Short web captions
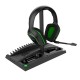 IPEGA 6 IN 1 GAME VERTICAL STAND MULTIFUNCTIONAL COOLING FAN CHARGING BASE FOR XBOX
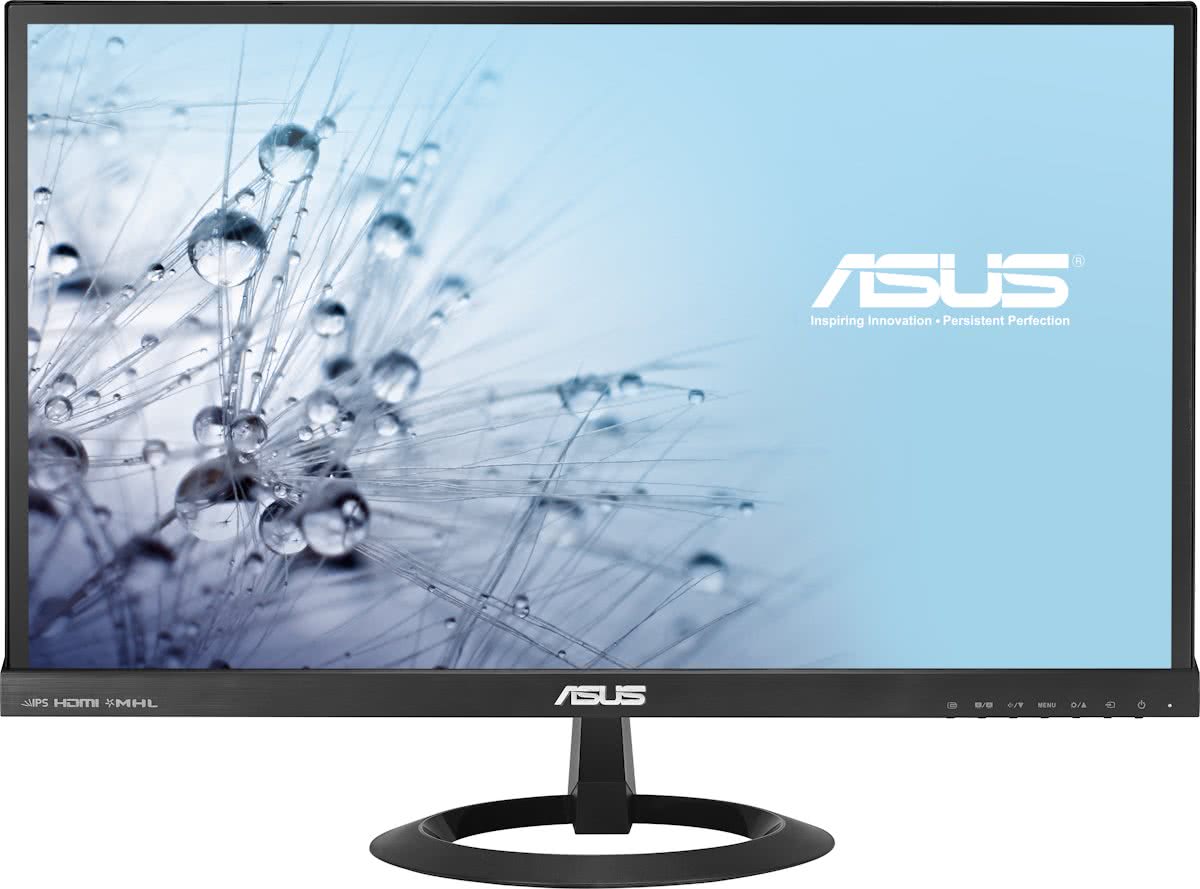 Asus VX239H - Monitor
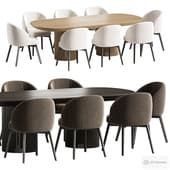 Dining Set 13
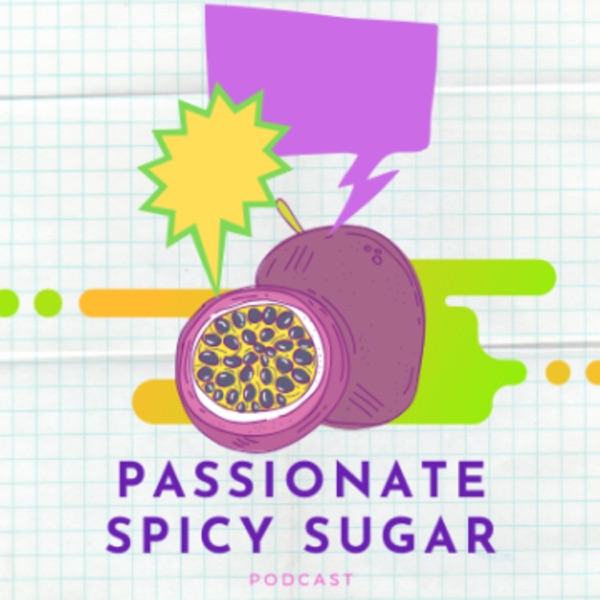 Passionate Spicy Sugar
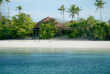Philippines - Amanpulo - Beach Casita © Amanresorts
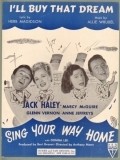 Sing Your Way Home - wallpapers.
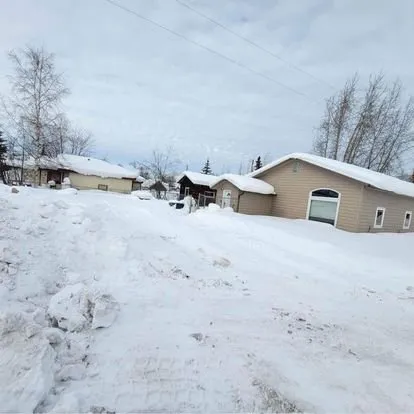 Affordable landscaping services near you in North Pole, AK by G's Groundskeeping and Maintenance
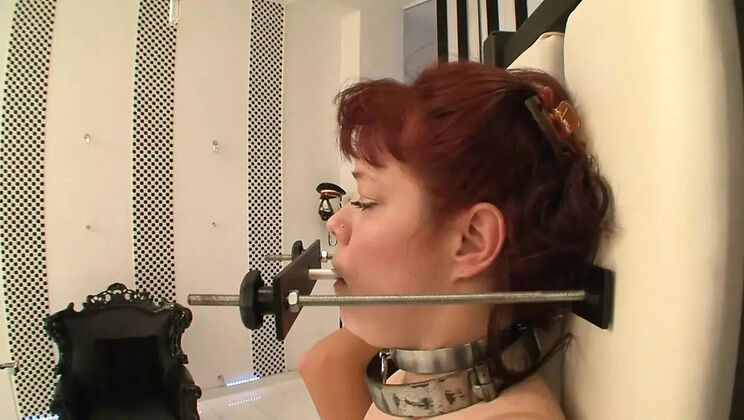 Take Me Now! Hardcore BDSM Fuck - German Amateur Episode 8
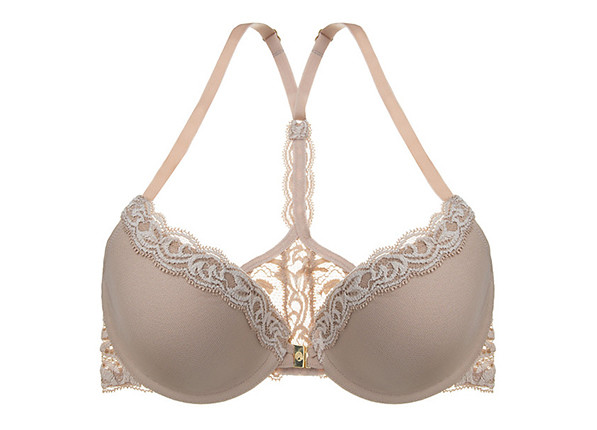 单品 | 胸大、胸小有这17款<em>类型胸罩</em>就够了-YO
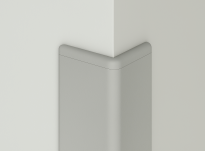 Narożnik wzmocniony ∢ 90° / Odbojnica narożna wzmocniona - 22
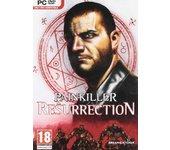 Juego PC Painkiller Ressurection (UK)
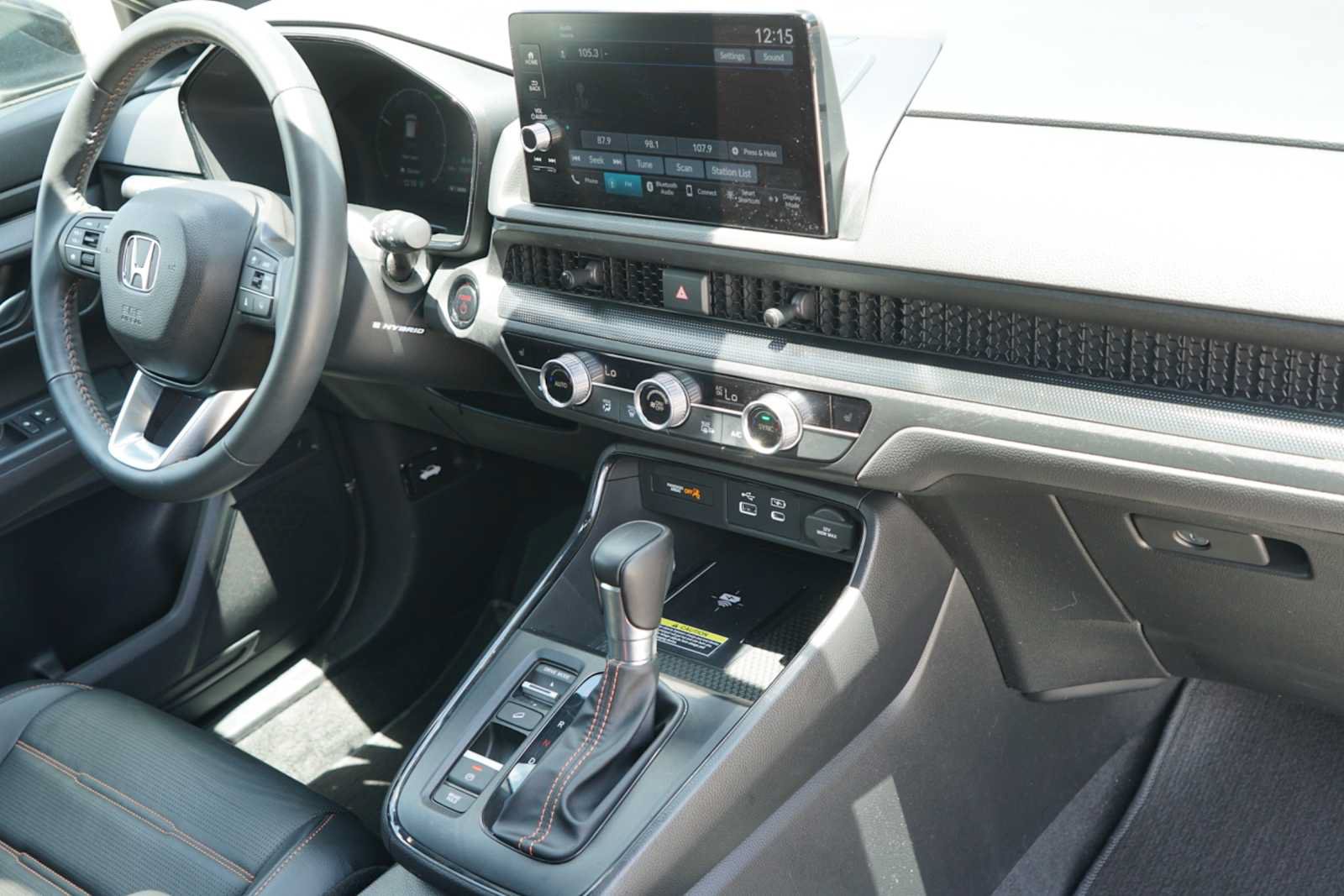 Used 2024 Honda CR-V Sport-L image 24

__What the exercise asks__
Retype the records exactly, but skip the pictures.

__Expected answer__
 IPEGA 6 IN 1 GAME VERTICAL STAND MULTIFUNCTIONAL COOLING FAN CHARGING BASE FOR XBOX
 Asus VX239H - Monitor
 Dining Set 13
 Passionate Spicy Sugar
Philippines - Amanpulo - Beach Casita © Amanresorts
 Sing Your Way Home - wallpapers.
 Affordable landscaping services near you in North Pole, AK by G's Groundskeeping and Maintenance
 Take Me Now! Hardcore BDSM Fuck - German Amateur Episode 8
 单品 | 胸大、胸小有这17款<em>类型胸罩</em>就够了-YO
 Narożnik wzmocniony ∢ 90° / Odbojnica narożna wzmocniona - 22
 Juego PC Painkiller Ressurection (UK)
 Used 2024 Honda CR-V Sport-L image 24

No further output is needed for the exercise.